I hate being embarrassed. I hate it when I state a fact and it turns out to be wrong. I hate it when I try to do something and completely flop at it. I hate it when I try to reach out to somebody and they turn me down.
I hate being embarrassed. But I wish I didn’t.
If there is anything that has held me back in life, it’s my deathly fear of embarrassing myself. It’s something I’ve wrestled with for years, and it’s becoming exhausting.
Pope Francis in his autobiography, speaks of the importance of laughter. Laughter in the face of difficult situations, but also laughter directed at ourselves and our own shortcomings. Narcissism, he says, can be avoided with self-irony.
As the famous quote goes: “Angels can fly because they take themselves so lightly.”
There is nothing wrong or unnatural about being embarrassed in the face of failure, but retreating into ourselves and hiding from the world to avoid embarrassment does us no good. In doing this, we deprive ourselves the opportunity to grow, to move forward. We take no risks, but we also rot away.
Yet this is exactly what I find myself doing over and over again. Even here, with this publication, I’ve found myself embarrassed. Embarrassed by what I write, embarrassed that barely anybody seems to care.
But if I take that approach to everything I do, how will I ever stick to something long enough for it to take fruit?
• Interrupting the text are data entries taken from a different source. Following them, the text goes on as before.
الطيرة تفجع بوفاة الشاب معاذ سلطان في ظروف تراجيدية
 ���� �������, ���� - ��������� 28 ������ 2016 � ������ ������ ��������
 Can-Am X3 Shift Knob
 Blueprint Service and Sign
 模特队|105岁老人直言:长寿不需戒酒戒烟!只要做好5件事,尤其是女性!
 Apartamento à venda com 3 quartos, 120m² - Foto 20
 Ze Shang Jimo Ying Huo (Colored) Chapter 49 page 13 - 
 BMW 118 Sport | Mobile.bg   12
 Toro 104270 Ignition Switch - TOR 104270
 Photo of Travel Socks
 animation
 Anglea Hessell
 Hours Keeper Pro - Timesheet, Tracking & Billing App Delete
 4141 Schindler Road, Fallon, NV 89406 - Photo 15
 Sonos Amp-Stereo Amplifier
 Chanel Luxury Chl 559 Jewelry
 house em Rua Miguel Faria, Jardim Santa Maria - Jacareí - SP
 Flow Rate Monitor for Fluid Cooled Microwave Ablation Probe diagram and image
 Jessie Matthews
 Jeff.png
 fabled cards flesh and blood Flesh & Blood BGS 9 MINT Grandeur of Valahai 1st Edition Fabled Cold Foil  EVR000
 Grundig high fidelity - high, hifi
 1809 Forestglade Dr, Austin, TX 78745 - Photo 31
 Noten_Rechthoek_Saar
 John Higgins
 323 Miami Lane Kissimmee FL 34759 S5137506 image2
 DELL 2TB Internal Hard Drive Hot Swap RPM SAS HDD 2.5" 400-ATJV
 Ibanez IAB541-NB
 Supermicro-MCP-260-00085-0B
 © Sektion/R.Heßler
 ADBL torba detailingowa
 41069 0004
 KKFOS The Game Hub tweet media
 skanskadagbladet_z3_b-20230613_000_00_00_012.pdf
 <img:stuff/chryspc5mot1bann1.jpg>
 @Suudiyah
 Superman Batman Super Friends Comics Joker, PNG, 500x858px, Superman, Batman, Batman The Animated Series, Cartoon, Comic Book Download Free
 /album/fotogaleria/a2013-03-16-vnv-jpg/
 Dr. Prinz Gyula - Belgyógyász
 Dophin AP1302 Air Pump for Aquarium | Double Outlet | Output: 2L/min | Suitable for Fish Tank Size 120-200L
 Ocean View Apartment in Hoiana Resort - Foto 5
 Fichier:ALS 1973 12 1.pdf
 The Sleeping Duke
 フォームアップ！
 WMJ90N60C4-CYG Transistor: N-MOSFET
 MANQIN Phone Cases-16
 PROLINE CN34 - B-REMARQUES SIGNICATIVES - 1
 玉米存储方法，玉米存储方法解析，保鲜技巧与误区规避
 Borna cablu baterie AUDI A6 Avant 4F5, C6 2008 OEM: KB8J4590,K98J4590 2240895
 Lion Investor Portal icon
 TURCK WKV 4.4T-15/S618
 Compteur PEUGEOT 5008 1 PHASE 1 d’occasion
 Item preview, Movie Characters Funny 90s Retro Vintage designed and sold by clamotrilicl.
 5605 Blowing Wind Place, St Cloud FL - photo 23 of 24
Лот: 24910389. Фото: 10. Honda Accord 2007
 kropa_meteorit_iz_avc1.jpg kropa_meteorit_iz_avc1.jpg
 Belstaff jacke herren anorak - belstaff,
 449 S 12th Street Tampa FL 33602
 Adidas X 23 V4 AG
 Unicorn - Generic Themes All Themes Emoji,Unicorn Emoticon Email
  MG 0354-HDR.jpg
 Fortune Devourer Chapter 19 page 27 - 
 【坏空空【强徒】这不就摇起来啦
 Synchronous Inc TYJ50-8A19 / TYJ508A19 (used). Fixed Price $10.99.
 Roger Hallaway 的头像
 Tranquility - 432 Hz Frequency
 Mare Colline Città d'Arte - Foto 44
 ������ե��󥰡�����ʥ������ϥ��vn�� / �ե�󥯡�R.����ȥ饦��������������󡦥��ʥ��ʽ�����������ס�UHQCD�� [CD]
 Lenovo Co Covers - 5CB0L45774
I wish I could take myself less seriously. I wish I could tell that grumpy necrotic old man that is my inhibitions to just let me laugh at myself.
I’m tired of hiding. I’m tired of trying to pretend I’m perfect. I want to be able to go out there and just be myself, just do things. Not to throw myself into a ravine. Just to live life with a little less fear. And a little more freedom.